Script Action - This cluster customization feature enables the modification of Hadoop clusters in arbitrary ways by using custom scripts. With this new feature, users can experiment with and deploy projects available from the Apache Hadoop ecosystem to Azure HDInsight clusters. This customization feature is available on all types of HDInsight clusters, including Hadoop, HBase and Storm.
HBase - HBase is a low-latency NoSQL database that allows online transactional processing of big data. HBase is offered as a managed cluster integrated into the Azure environment. The clusters are configured to store data directly in Azure Blob storage, which provides low latency and increased elasticity in performance/cost choices. This enables customers to build interactive websites that work with large datasets, to build services that store sensor and telemetry data from millions of end points, and to analyze this data with Hadoop jobs.
Apache Phoenix - Apache Phoenix is a Structured Query Language (SQL) query layer over HBase. It supports a limited subset of the SQL query language specification, including support of secondary indexes. It is delivered as a client-embedded Java Database Connectivity (JDBC) driver that targets low-latency queries over HBase data. Apache Phoenix takes your SQL query, compiles it into a series of HBase scans and coprocessors calls, and produces regular JDBC result sets. Apache Phoenix is a relational database layer over HBase. It is delivered as a client-embedded JDBC driver that targets low-latency queries over HBase data. Apache Phoenix takes your SQL query, compiles it into a series of HBase scans, and orchestrates the running of those scans to produce regular JDBC result sets.

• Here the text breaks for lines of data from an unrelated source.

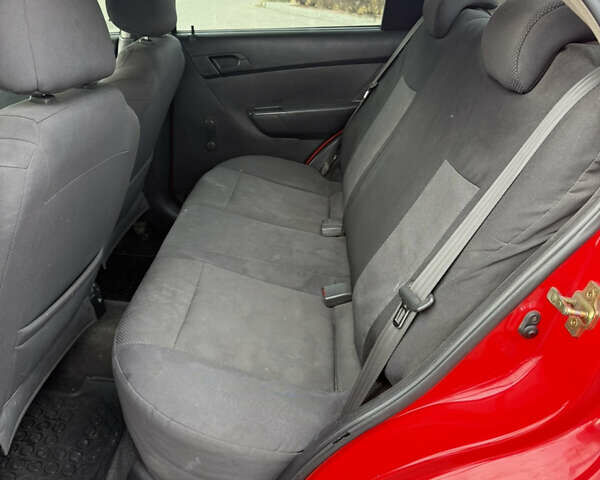 Красный Шевроле Авео, объемом двигателя 1.5 л и пробегом 187 тыс. км за 3300 $, фото 12 на Automoto.ua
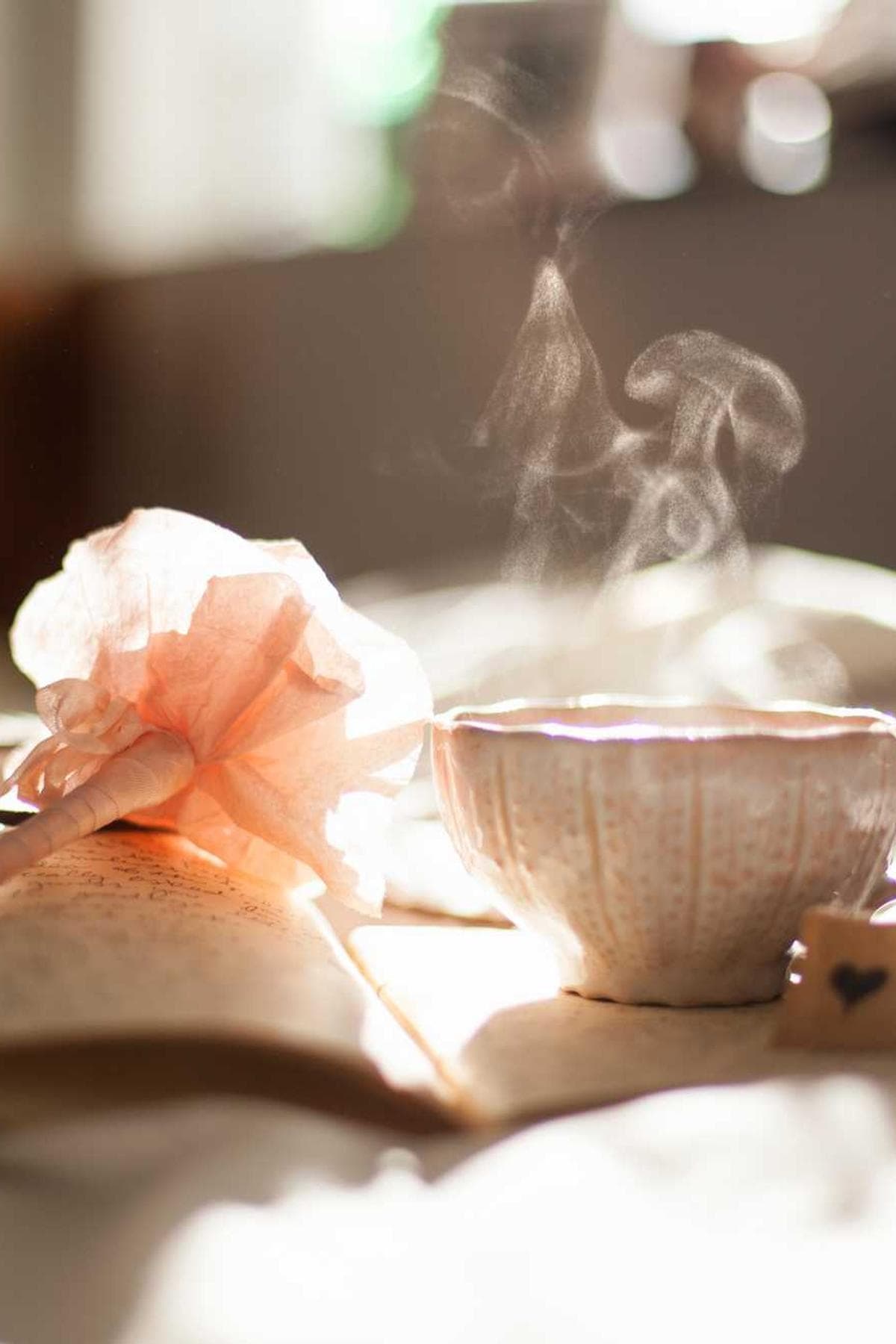 A beautiful high-rise building with a modern architectural design, viewed from a low angle against a clear blue sky.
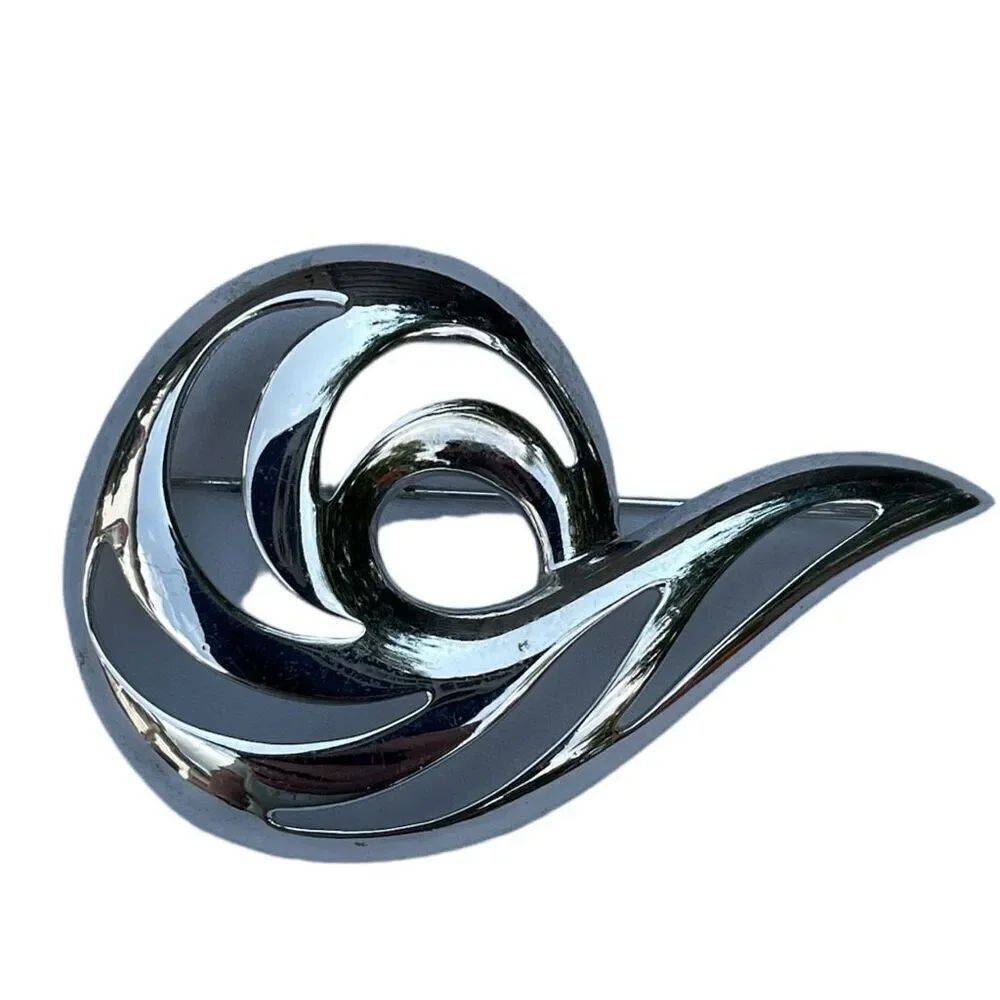 Vintage shiny Monet swirl brooch. Large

Cluster Dashboard - A new web application that is deployed to your HDInsight cluster. Use it to run Hive queries, check job logs, and browse Azure Blob storage. The URL used to access the web application is <ClusterName>.azurehdinsight.net.

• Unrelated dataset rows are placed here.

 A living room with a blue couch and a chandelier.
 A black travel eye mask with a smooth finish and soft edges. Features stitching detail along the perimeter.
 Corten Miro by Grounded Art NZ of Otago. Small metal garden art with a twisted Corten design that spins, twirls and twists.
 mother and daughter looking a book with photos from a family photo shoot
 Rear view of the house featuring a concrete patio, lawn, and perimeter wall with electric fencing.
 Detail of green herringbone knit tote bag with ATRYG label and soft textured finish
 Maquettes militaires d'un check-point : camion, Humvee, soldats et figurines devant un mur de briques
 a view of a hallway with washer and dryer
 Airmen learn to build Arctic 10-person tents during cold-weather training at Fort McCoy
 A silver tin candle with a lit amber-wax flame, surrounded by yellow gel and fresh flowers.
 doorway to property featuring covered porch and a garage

YARN - A new, general-purpose, distributed application management framework that has replaced the classic Apache Hadoop MapReduce framework for processing data in Hadoop clusters. It effectively serves as the Hadoop operating system, and takes Hadoop from a single-use data platform for batch processing to a multi-use platform that enables batch, interactive, online and stream processing. This new management framework improves scalability and cluster utilization according to criteria such as capacity guarantees, fairness, and service-level agreements (SLAs).

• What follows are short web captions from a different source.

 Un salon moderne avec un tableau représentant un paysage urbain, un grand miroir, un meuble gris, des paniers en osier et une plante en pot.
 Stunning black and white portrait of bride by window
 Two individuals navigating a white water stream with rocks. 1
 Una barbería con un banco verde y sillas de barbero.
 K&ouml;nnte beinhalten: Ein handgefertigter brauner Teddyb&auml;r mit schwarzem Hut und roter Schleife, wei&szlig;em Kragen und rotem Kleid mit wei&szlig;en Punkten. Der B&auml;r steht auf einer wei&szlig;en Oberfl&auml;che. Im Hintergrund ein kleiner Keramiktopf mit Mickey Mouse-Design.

Tez (HDInsight 3.1 and above only) - A general-purpose and customizable framework that creates simplified data-processing tasks across both small-scale and large-scale workloads in Hadoop. It provides the ability to execute a complex directed acyclic graph (DAG) of tasks for a single job, so that projects in the Apache Hadoop ecosystem, such as Apache Hive and Apache Pig, can meet requirements for human-interactive response times and extreme throughput at petabyte scale. Note that Hive 0.13 allows Hive queries to run on top of Tez, rather than on MapReduce.
High Availability (HA) - A second head node has been added to the Hadoop clusters deployed by HDInsight to increase the availability of the service. Standard implementations of Hadoop clusters typically have a single head node. HDInsight removes this single point of failure with the addition of a secondary head node. The switch to a new HA cluster configuration doesn't change the price of the cluster, unless customers create clusters with an extra-large head node instead of the default large-size node.
Hive performance - Order-of-magnitude improvements to Hive query response times (up to 40x) and to data compression (up to 80%) using the Optimized Row Columnar (ORC) format.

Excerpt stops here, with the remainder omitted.